But not only Méline: in 1894 the Socialists, with Jaurès at their head, cut off a slice from the bread of all those who were forced to buy it; led away by the mirage of political power, they dreamed of winning over the rural electors by Protection, as if the peasant proprietor and the agricultural labourer had anything to gain by it! Thus the friends of the poor, the humble, and the disinherited, joined in the work of death carried on by the agrarians.

CHAPTER IV

JUSTICE AND CHARITY

Many agrarians put down their names for subscriptions to distress funds, distributed bread tickets, organised charity balls and bazaars, took tickets in the tuberculosis lottery. The members representing them in Parliament multiplied laws and relief works, and heartily applauded their own generous sentiments. They were the tender-hearted as opposed to the rigid school of political economists—their policy was that of the open hand and not the closed fist. All the same they refused to their countrymen the right to cheap bread and meat. This introduction of charity falsified economic relations. It lowered the rate of wages by exposing the workman who had to live on his wages to competition with workmen assisted by the State, and laid upon the whole community the cost of supporting certain privileged industries. As a form of subvention it tended not to progress but to depression.

M. Victor Modeste made an investigation into the registers of public relief, and finding there the same families again and again, one generation after another, he drew the conclusion, “The poor are becoming poorer, the rich richer.” The true conclusion is that people in receipt of relief, accustomed to live upon it with the minimum of effort, make no attempt on their own behalf, or on that of their descendants, to become independent.
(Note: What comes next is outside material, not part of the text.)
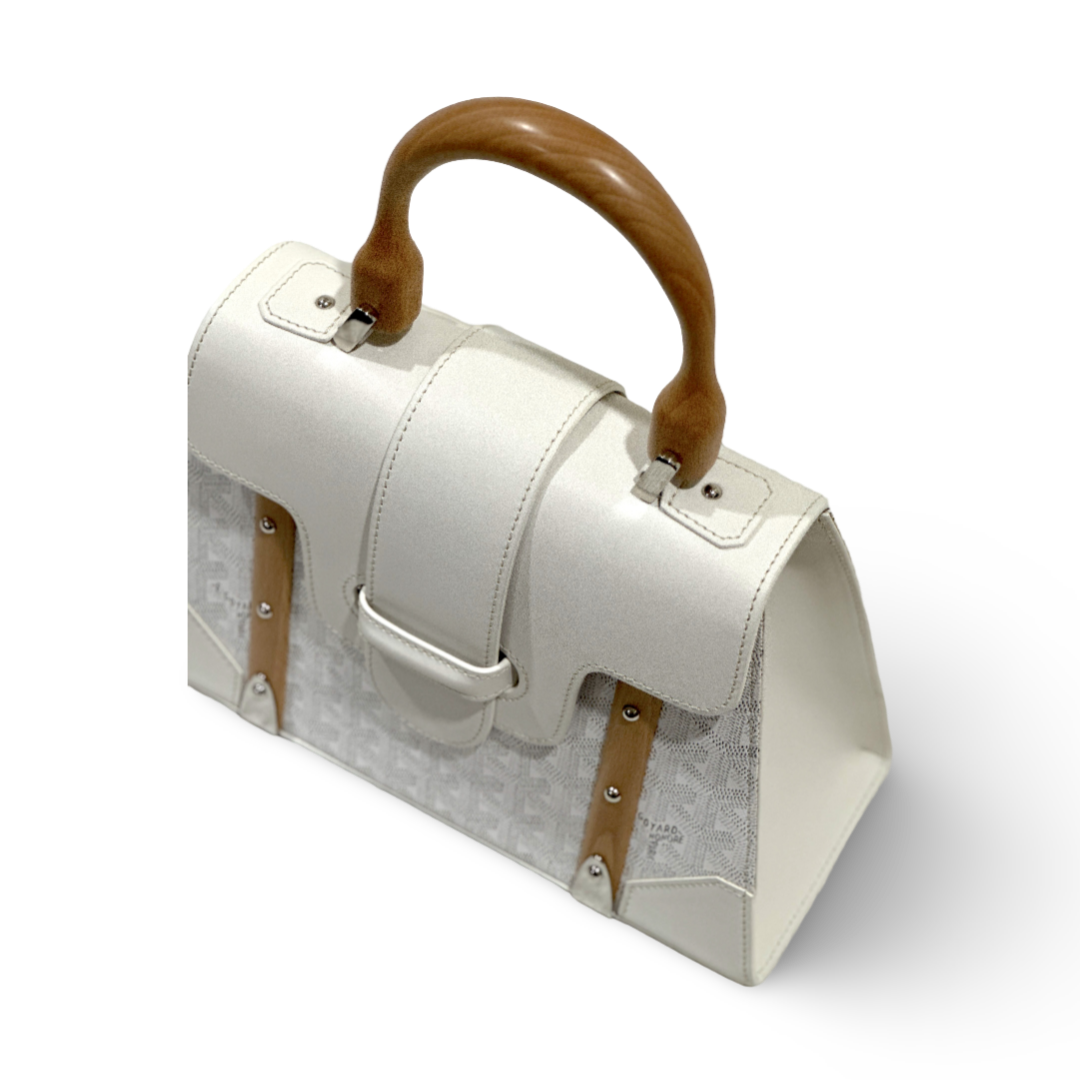 Goyard Goyardine Canvas Saigon PM White Bag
Considering themselves as annuitants, they come to think that their submission and importunity gives them a claim to permanent relief. Cheap and showy sentimentalism, as incoherent as it is inconsistent, may well be answered in the courageous words spoken by Madame Ashurst Venturi at the Neuchâtel Conference for the Abolition of Recognised Prostitution, held in 1878. She said, “No doubt the charity whose aim is to succour the unfortunate is worthy of praise, but it must be left to the weak, to those tender and pious creatures whose task is to lift up the wounded from the battlefield where the brave and strong must fight. The work of our Federation is a work not of charity, but of justice. Justice is the highest charity, for its aim is to substitute certainty for the chance operation of pity and of philanthropy. More is done for humanity by the abolition of a bad law or a vicious system than by succouring its victims, for if such help assuages individual misery it yet leaves intact, if it does not actually help to support, the state of things which has caused that misery.”

[1]Camille Rousset, “History of the Crimean War,” Vol. I., p. 95.

[1]“Back to the Land and Industrial Over-production,” p. 245.